JFK's role was pretty important too. The military tried quite hard to convince
him to go to war. Good thing he wasn't stuck in a broken-down, overheating
submarine with explosions going off all around it, or he might not have been
so steadfast.

The world was on the brink of a war that would make WWII look like a fun walk
in the woods. Am I supposed to think that a couple of weeks of non-stop news
coverage was excessive?

------
walrus01
No, not really. I think the unfortunate dystopian cyberpunk future we're going
to see is that wealthy developed nations will be able to afford technological
Band-aids, like increasing use of air conditioners everywhere fed from big
grid connected photovoltaic plants.
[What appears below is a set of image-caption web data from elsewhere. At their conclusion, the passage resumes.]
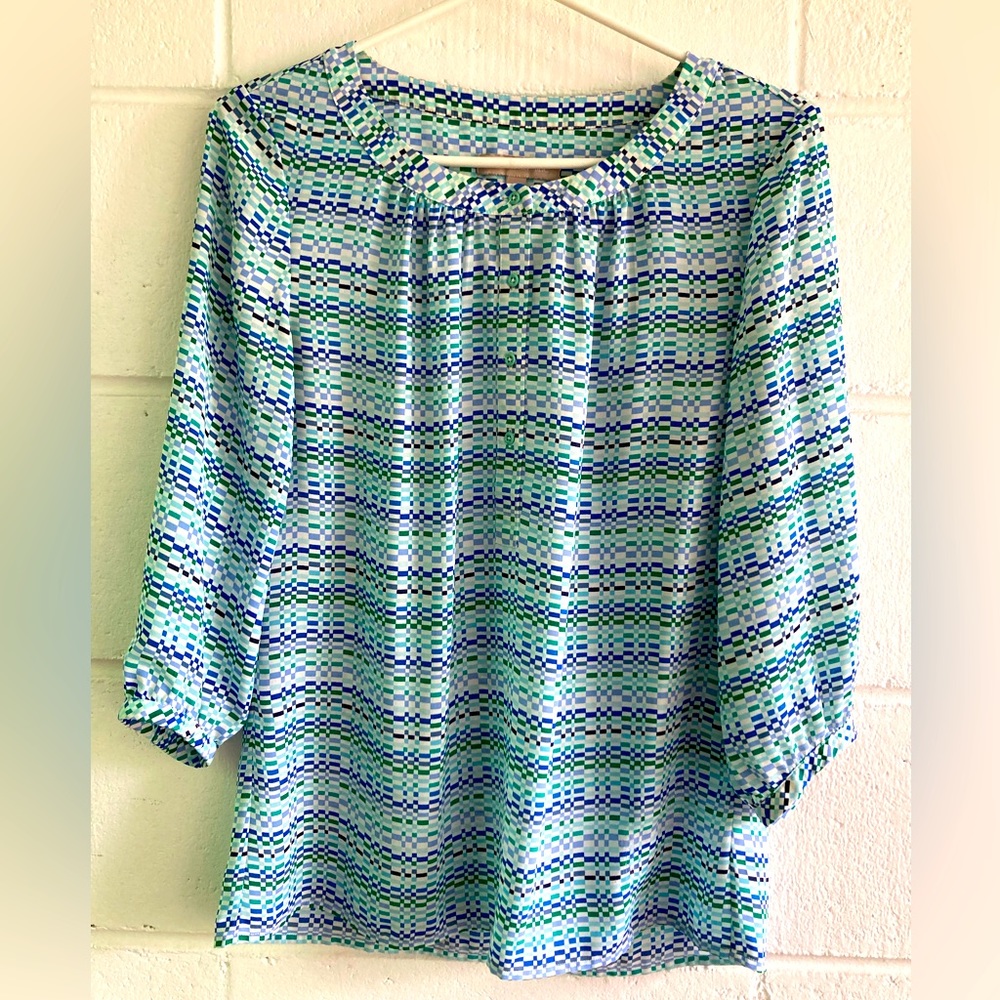 Long- sleeve shirt with green/blue checks; round neck, gathered sleeves.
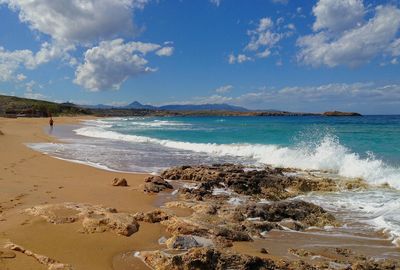 Scenic view of beach against sky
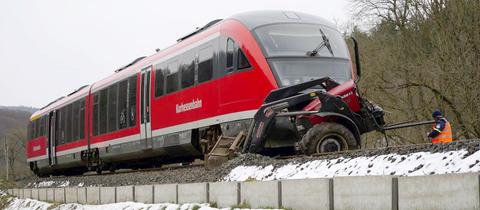 Zu sehen ist das Fahrerhaus eines Regionalzuges, vorne daran klemmt ein kleiner Traktor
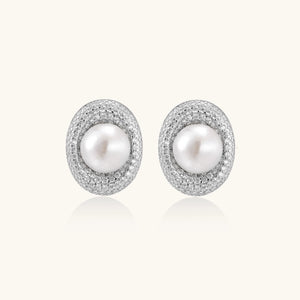 Elegant stud earrings with cream freshwater pearls surrounded by sparkly pavé crystals on rhodium-plated silver setting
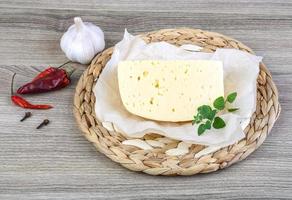 Cheese on wooden board and wooden background photo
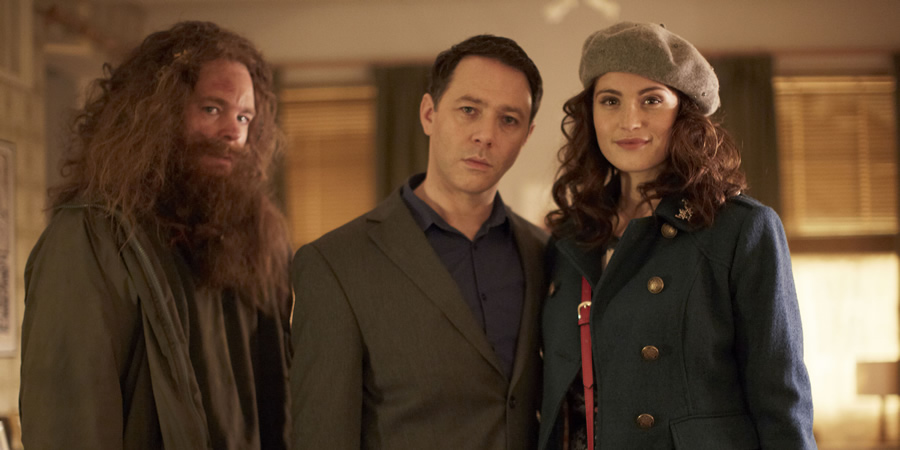 Inside No. 9. Image shows from L to R: Migg (Steve Pemberton), Tom (Reece Shearsmith), Gerri (Gemma Arterton). Copyright: BBC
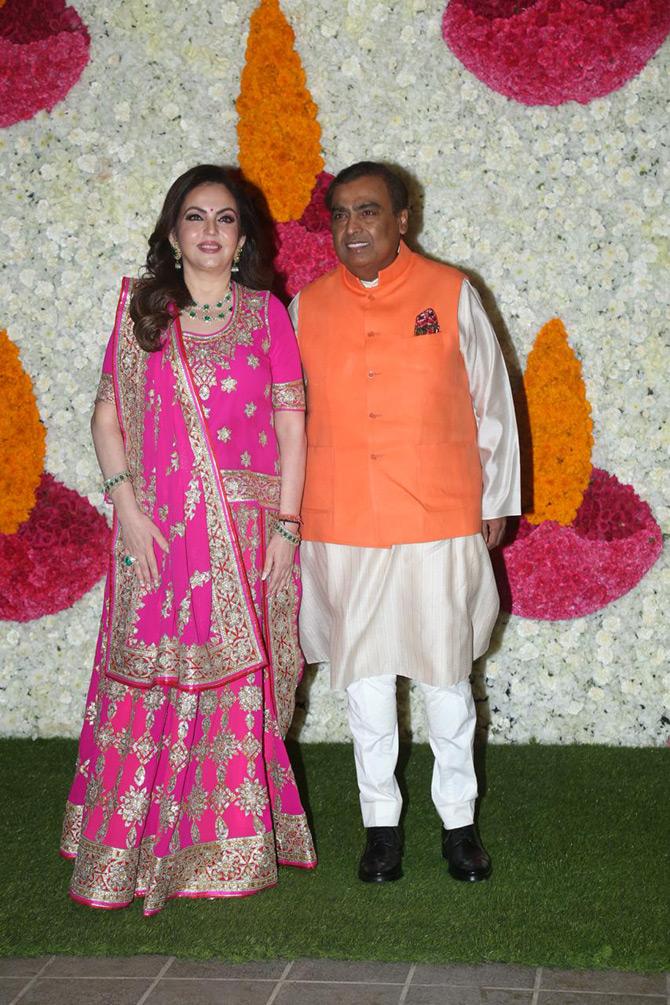 Mukesh and Nita's swashbuckling lifestyle is envied by many. In October 2019, the Ambanis celebrated their first Diwali after the weddings of Akash Ambani with Shloka Mehta, and Isha Ambani with Anand Piramal. For the Diwali bash, Nita Ambani looked stunning in an elaborate blouse and pink lehenga which she paired with a diamond and emerald neckpiece. Meanwhile, Mukesh sported a golden kurta and completed his look with an orange jacket.


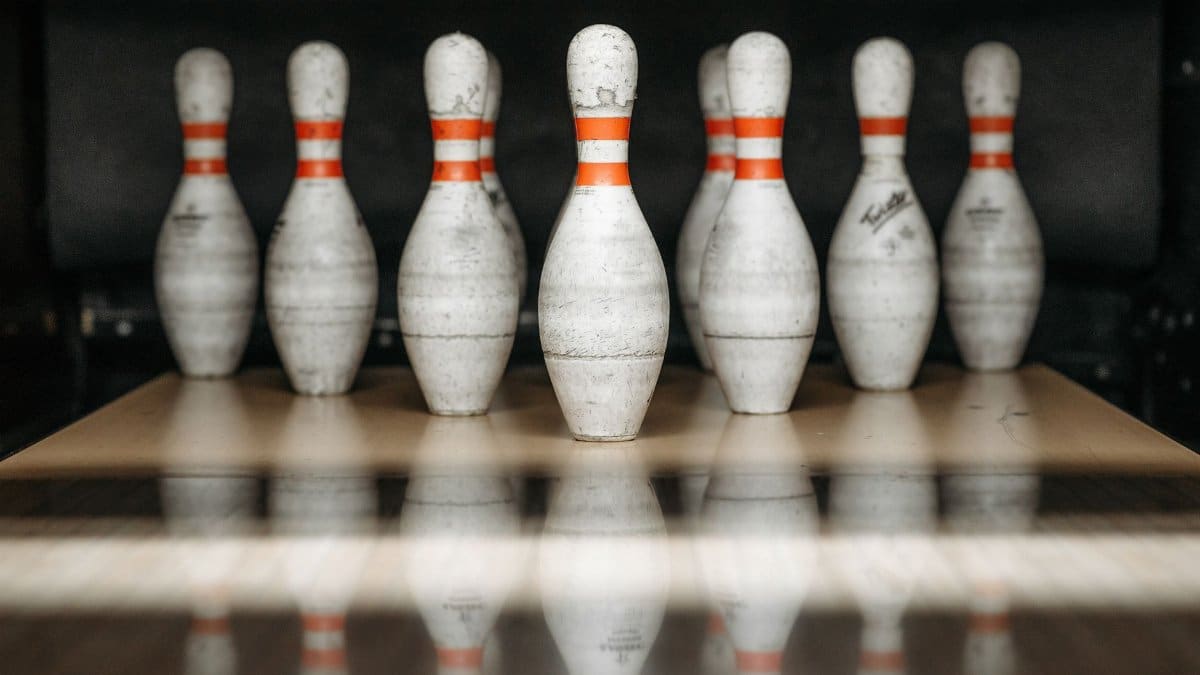 Focused close-up view of bowling pins lined up in an alley with reflections on the floor.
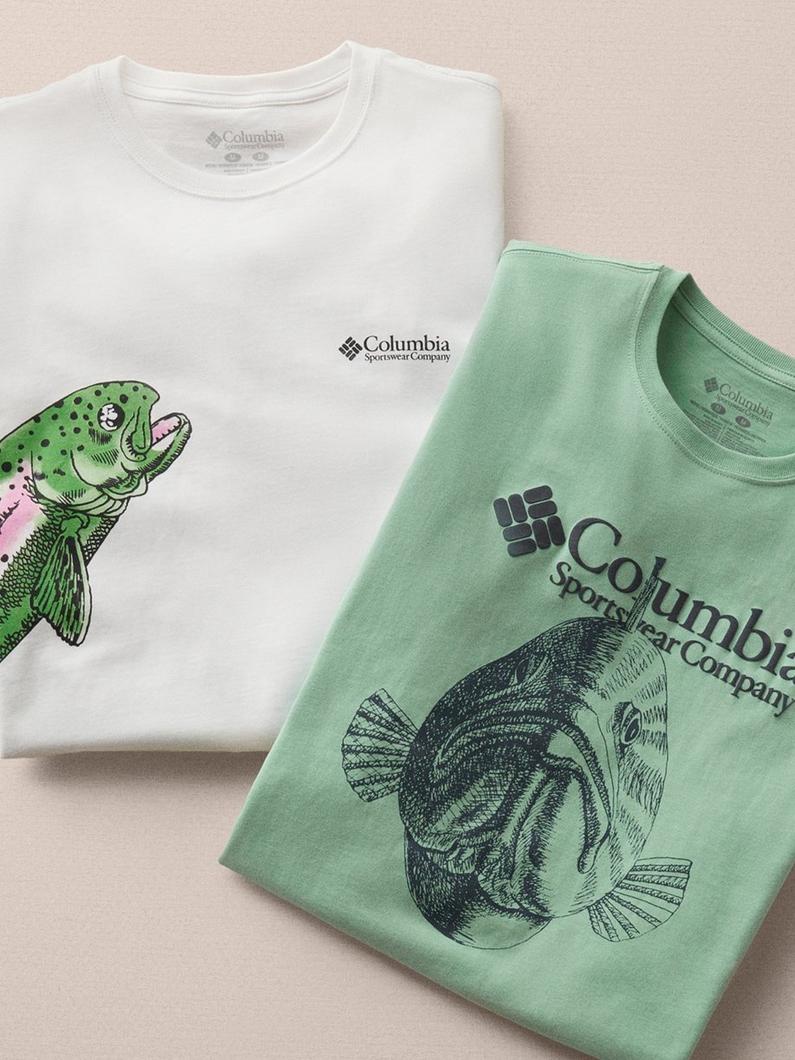Two folded t-shirts featuring fish graphics, one white with colorful fish, one green with black fish print.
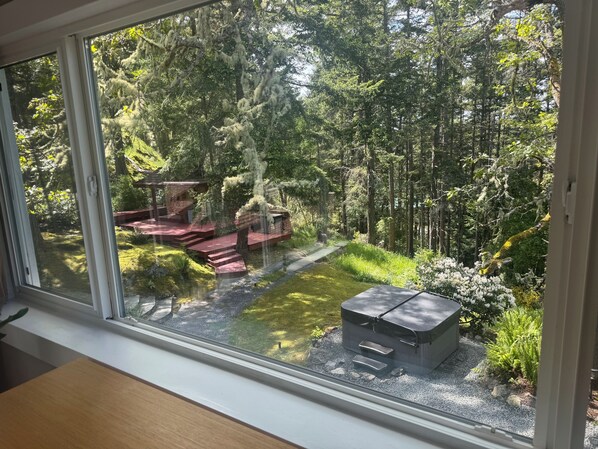 A view through a window of a forested area with a wooden deck and a small shed.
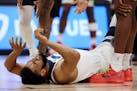 Karl-Anthony Towns of the Wolves was in pain after being fouled in the first quarter against the Nuggets tonight in Denver.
People with much less economic means will
suffer and be displaced.

I predict massive refugee crises with mass-migration caused by climate change
within my own lifetime.

It recently hit 54C in Rajasthan.

------
Aeolun
Do I think the environment and humans will survive? Yes.

Do I think that we’ll enjoy living in whatever this new environment ends up
being? No, not at all.

------
gremlinsinc
Yes and no...on the current course of denying global warming -- we're screwed.
If we could somehow end poverty, and move a large swath of
unemployed/undereducated people into science industry so they can focus on
solving problems, maybe we can build a mega structure to block out sunlight,
capture existing carbon in the atmosphere and figure ways to bring back arctic
ice, --then maybe we can reverse things...we also need to backup species of
plants, animals, etc via dna harvesting so things that are destroyed by global
warming can come back if we do fix it. A lot of my hope lies in science
fictiony future tech that is yet to be created, but I hope for my kid's sake
we figure it out.

I think it'd be funny if we figure out immortality tech first and live long
enough to see the world end in 150 years because of our own mistakes and lack
of foresight... The rich want to live forever, but then they'll regret it when
they destroyed everything.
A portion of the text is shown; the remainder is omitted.